▶ **ABOUT THIS TASK**
Would you transcribe only the lines below, from the one containing "Asos Missy Flat Shoes - Silver" through the end of the material, exactly and with no pictures?

● ● ● ● ● ● ●

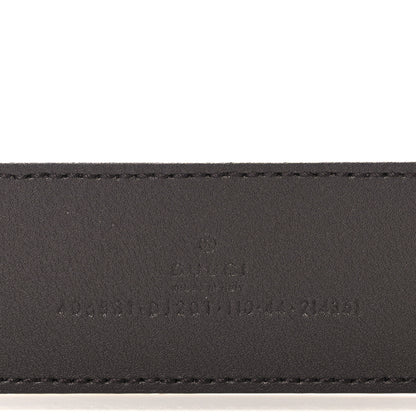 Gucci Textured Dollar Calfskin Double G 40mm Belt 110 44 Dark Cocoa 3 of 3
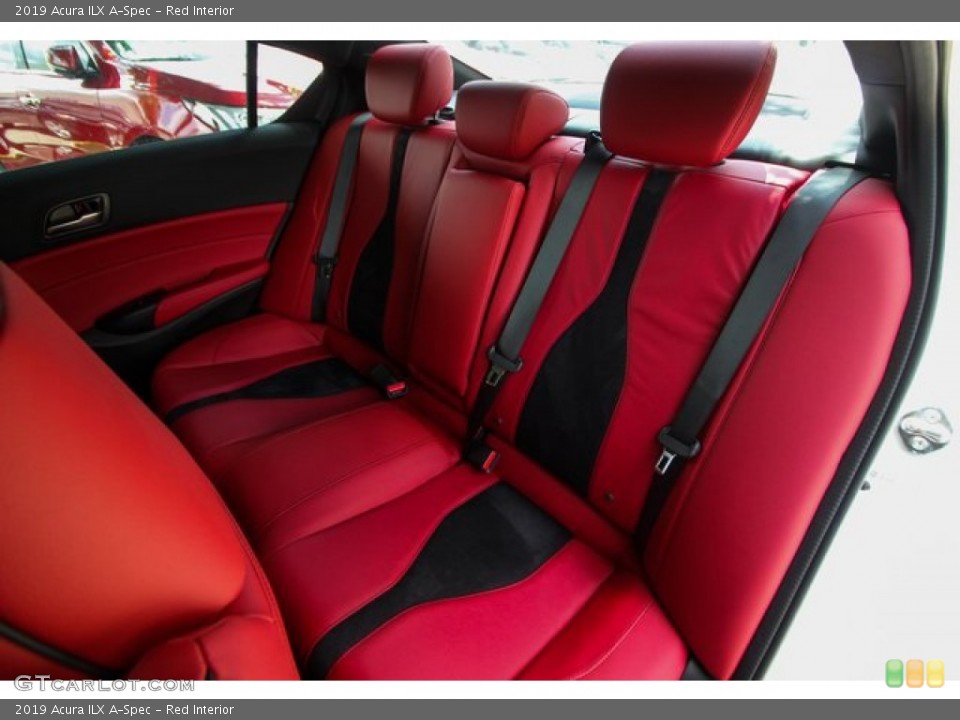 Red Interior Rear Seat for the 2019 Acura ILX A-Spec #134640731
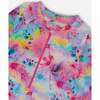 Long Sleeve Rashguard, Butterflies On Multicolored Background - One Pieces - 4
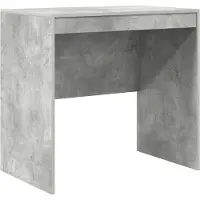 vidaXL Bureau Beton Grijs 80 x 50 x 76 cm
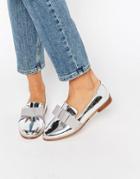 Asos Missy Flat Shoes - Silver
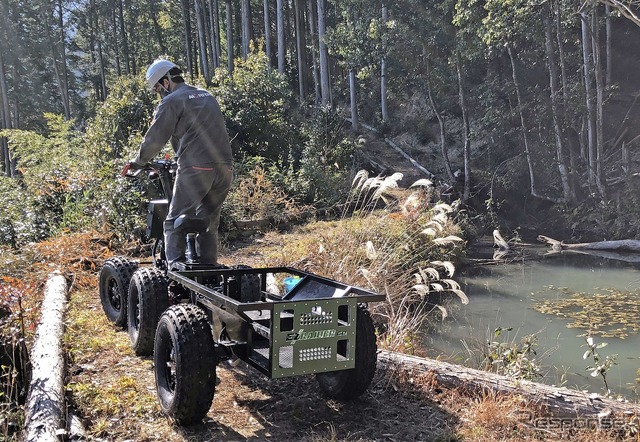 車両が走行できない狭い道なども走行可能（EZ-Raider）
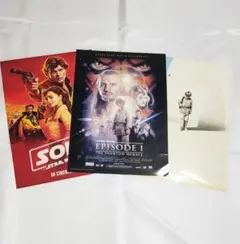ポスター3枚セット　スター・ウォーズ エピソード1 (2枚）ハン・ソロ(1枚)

● ● ● ● ● ● ●

▶ **ANSWER SPACE**
 Asos Missy Flat Shoes - Silver
 車両が走行できない狭い道なども走行可能（EZ-Raider）
ポスター3枚セット　スター・ウォーズ エピソード1 (2枚）ハン・ソロ(1枚)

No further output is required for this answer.